[Items listed in a dataset]
BEGIN
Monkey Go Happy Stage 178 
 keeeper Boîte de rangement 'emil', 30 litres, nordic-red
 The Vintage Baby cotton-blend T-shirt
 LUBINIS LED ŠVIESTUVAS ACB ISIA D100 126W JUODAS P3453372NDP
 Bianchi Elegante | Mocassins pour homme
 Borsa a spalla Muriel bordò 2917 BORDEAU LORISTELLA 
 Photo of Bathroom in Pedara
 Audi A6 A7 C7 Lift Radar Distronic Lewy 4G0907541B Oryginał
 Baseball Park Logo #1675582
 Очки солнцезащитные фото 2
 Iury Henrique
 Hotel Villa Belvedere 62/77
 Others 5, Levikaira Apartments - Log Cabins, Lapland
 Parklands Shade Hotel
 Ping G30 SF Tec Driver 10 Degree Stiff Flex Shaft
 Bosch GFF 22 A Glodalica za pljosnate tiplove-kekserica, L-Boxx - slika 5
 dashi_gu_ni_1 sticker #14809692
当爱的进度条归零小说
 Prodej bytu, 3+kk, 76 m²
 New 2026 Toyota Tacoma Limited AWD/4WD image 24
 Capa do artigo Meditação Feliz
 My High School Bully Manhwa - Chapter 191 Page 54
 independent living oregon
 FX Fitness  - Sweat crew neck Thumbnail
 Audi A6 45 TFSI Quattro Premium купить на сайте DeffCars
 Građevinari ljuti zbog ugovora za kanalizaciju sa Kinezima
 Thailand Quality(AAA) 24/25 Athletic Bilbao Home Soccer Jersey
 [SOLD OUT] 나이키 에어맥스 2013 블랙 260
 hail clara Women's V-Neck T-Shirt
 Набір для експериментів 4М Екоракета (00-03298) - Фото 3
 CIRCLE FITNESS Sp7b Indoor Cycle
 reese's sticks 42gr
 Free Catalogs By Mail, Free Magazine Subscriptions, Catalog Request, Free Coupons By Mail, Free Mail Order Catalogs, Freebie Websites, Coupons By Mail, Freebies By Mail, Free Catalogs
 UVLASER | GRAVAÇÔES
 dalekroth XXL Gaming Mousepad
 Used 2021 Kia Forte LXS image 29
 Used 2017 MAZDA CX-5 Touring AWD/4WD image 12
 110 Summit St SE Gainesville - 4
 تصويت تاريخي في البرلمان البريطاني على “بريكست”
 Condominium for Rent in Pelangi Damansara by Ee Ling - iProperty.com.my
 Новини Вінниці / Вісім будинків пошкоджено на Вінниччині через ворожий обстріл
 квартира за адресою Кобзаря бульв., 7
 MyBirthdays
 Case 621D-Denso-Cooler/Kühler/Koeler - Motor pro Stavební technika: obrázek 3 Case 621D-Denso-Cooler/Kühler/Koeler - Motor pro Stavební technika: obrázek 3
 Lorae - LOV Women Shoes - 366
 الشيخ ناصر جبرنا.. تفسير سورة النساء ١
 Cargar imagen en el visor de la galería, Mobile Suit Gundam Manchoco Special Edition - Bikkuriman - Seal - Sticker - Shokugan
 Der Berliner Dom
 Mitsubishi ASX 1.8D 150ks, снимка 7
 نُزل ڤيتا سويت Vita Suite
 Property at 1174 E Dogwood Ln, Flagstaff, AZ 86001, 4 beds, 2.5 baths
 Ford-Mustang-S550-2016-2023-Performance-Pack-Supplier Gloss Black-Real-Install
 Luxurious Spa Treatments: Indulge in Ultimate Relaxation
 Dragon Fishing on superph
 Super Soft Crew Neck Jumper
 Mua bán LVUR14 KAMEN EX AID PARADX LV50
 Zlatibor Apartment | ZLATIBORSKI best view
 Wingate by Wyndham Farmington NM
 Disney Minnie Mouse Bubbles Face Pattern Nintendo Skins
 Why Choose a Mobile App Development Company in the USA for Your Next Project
END
In the records above, copy exactly the lines from the one that contains "Disney Minnie Mouse" through the last, and nothing else.

§ **Answer for the task**
 Disney Minnie Mouse Bubbles Face Pattern Nintendo Skins
 Why Choose a Mobile App Development Company in the USA for Your Next Project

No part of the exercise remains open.